"Neden bana karşı bu kadar ön yargılısın?"
Jennie ve Jisoo masada karşılıklı oturuyorlardı. İlk konuşan kişi Jisoo olmuştu.
Jennie Jisoo'nun bu sözleri üzerine gözlerini ona dikti.
"Ben heteroyum. Eşcinsellere saygılı değilim. Neden diretiyorsun?"
"Çünkü seni seviyorum.
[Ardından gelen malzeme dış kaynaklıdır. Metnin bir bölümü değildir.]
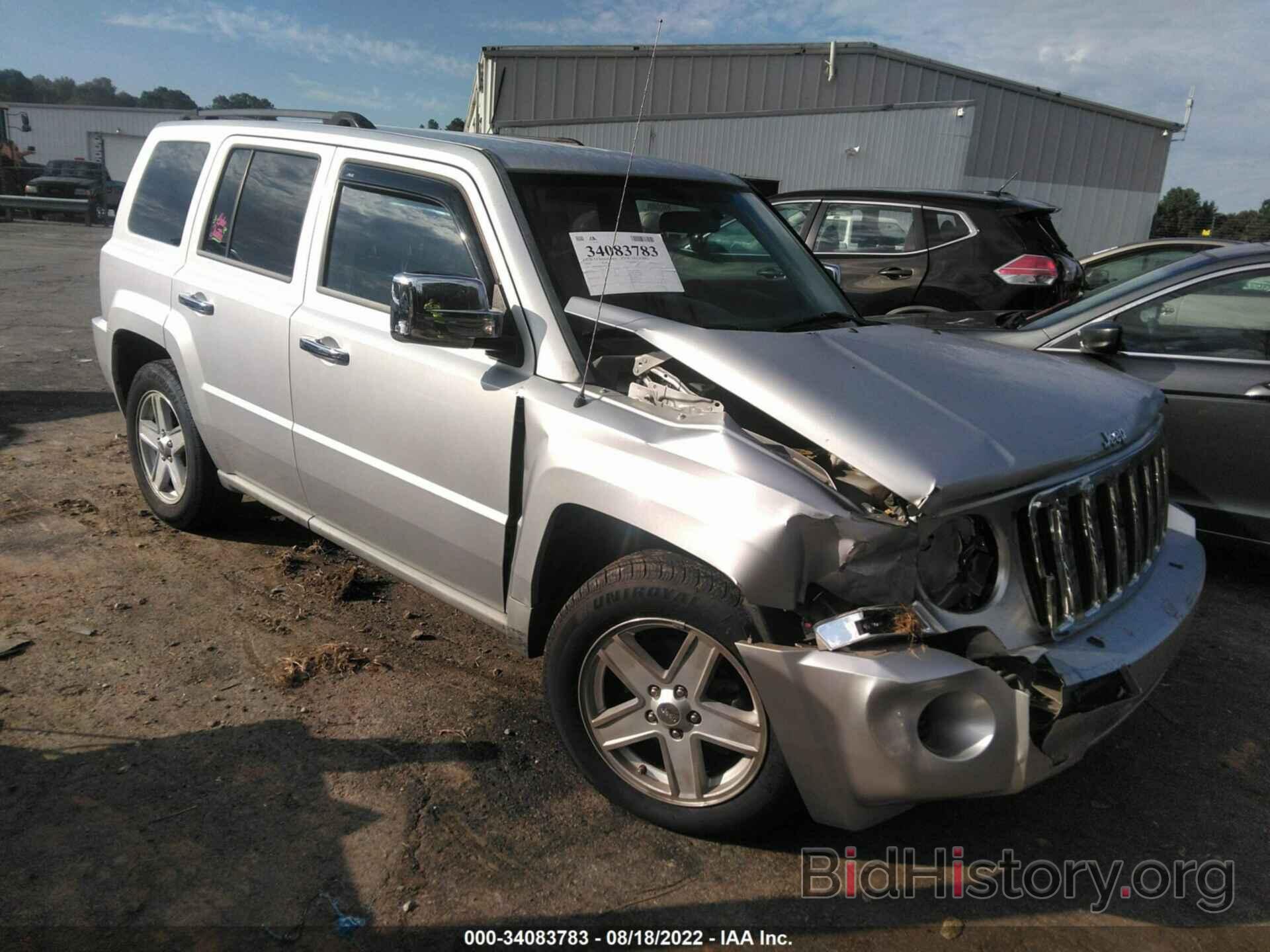 Photo 1J4NF2GB4AD572894 - JEEP PATRIOT 2010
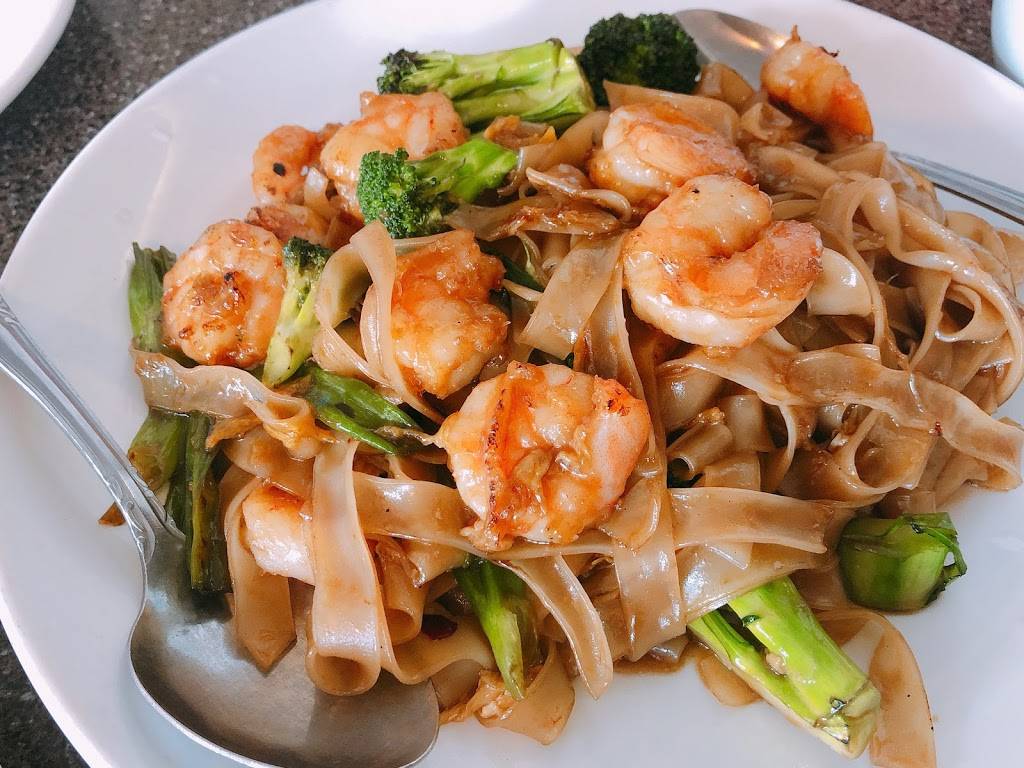 Sunshine Chinese - Thai Restaurant | restaurant | 525 Peachtree Industrial Blvd, Suwanee, GA 30024, USA | 7706149699 OR +1 770-614-9699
Kimseyi sevmediğim kadar seviyorum."
Jennie cidden sinirlenmeye başlamıştı.
"Hayır, kendini kandırıyorsun. Jisoo ben psikoloji okuyorum. Yalan söyleyip söylemediğini bakışlarından anlarım."
Jisoo ağlamamak için zor duruyordu. Çekip gitmek istiyordu.
"İnsanlar yalan söyler ama gözler asla."
Soluklanıp konuşmasını sürdürdü.
"Sana hayranım. Aşığım, seviyorum. Seni güzel buluyorum. Benim ol istiyorum."
Jennie Jisoo'nun dolmuş gözlerine bakıyordu.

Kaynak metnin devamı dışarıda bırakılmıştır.